One notable exception to the NFHS designated hitter rule in youth baseball is American Legion baseball. Legion rules exactly follow those prescribed in the Official Baseball Rules, which allow the DH only to bat for the pitcher. Prior to 1995, the use of the DH was not allowed in Legion baseball.
In college baseball, NCAA rules state that the designated hitter must hit for the pitcher, but in many instances the pitcher is also a good hitter, and the coach may elect to let the pitcher bat in the lineup. If the pitcher opts to bat for himself, he is treated as two separate positions — a pitcher and a designated hitter (abbreviated P/DH on the lineup card) — and may be substituted for as such (i.e. if he is removed as the pitcher, he may remain as the designated hitter and vice versa).
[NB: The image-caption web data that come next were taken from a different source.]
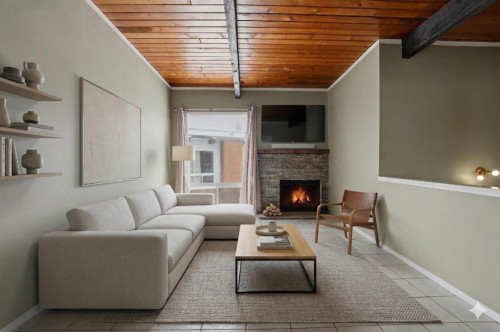 107 Pinemont Bay NE Calgary, AB T1Y 2V7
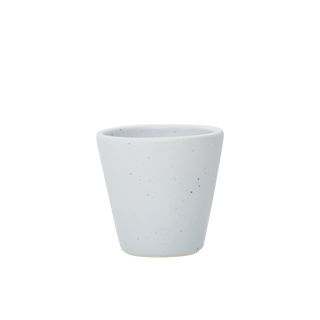 MIST MUG B 80 ML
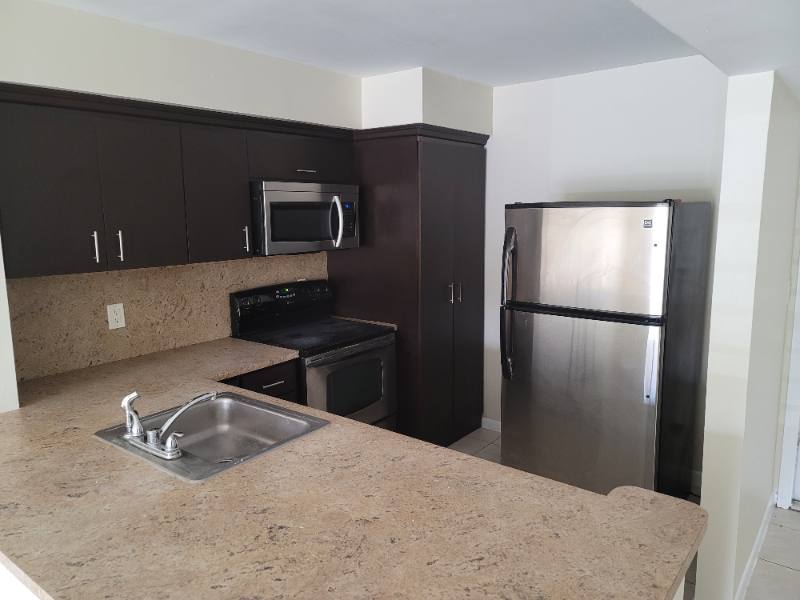 Apartment for rent at 3730 N Pine Island Rd, Fort Lauderdale, FL 33351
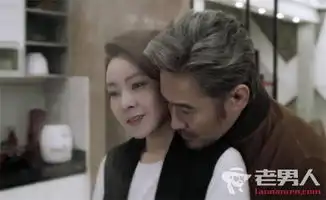 星热点猎毒人梦瑶妈妈是假疯吗最后结局怎么样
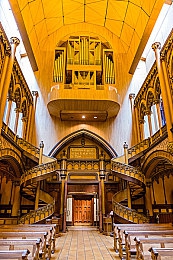 农场主的女儿们经典k82演员表｜老戏骨齐聚，农场女儿传奇绽放荧屏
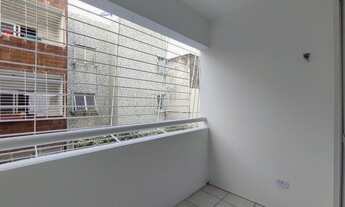 Imagem 4: Apartamento para Locação em Olinda, Jardim Atlântico, 2 dormitórios, 1 suíte, 1 banheiro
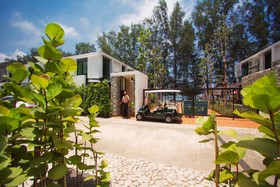 The Title Phuket by TropicLook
However, if a player who starts a game as a P/DH is relieved as the starting pitcher, he may not return to the mound even if he remains in the game as the DH, and he may not play any other defensive position after being relieved as the pitcher. Conversely, a player who begins the game as the DH, but not as the pitcher, may come into the game as a reliever and remain as the DH (in effect becoming a P/DH), be relieved on the mound later in the game but continue to bat as the DH.
The designated hitter in international baseball leagues
The DH is used in most professional baseball leagues around the world. One notable exception is the Central League of Japan, where pitchers bat as they do in the National League.
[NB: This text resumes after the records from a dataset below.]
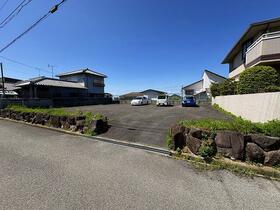 大阪府泉南郡岬町淡輪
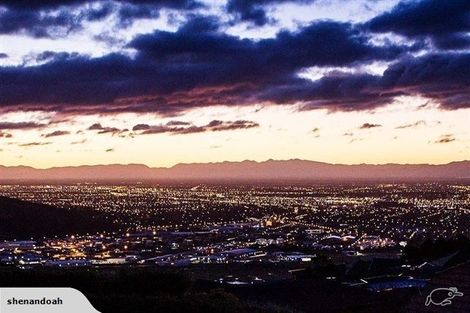 Photo of property in 265 Major Hornbrook Road, Mount Pleasant, Christchurch, 8081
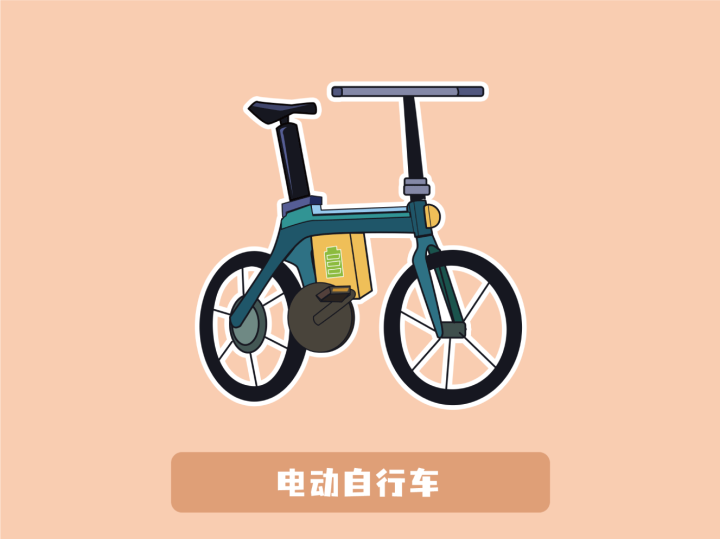 網絡熱銷產品有哪些？淘寶國內熱銷十大產品排行榜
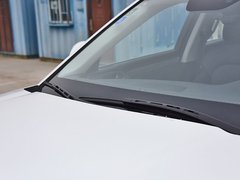 2019款 2.0T 尊享型 国V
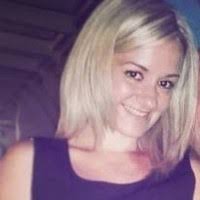 1000+ profili “Lozzi”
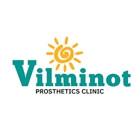 Vilminot Prosthetics Clinic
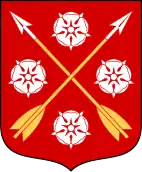 Närke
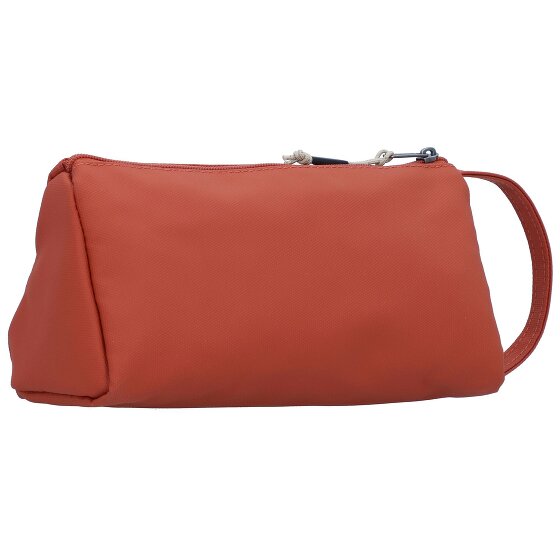 Kattbjörn Swag Bag Stifteetui 20 cm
The designated hitter in the minor leagues
Most, if not all, of the minor leagues have adopted the designated hitter rule for use in their games. Generally, the only exceptions are at the triple-A and double-A levels, and then only in games where two National League affiliates play each other. As players move up and get closer to reaching the majors, teams prefer to have the rules mimic (as closely as possible) those of the Major Leagues. A significant difference from the majors is that, in minor-league play, if either team is affiliated with an American League club, the DH is used regardless of the game site. Single-A and Rookie leagues use the DH in all games.
- Abolish the Designated Hitter (anti-designated hitter website)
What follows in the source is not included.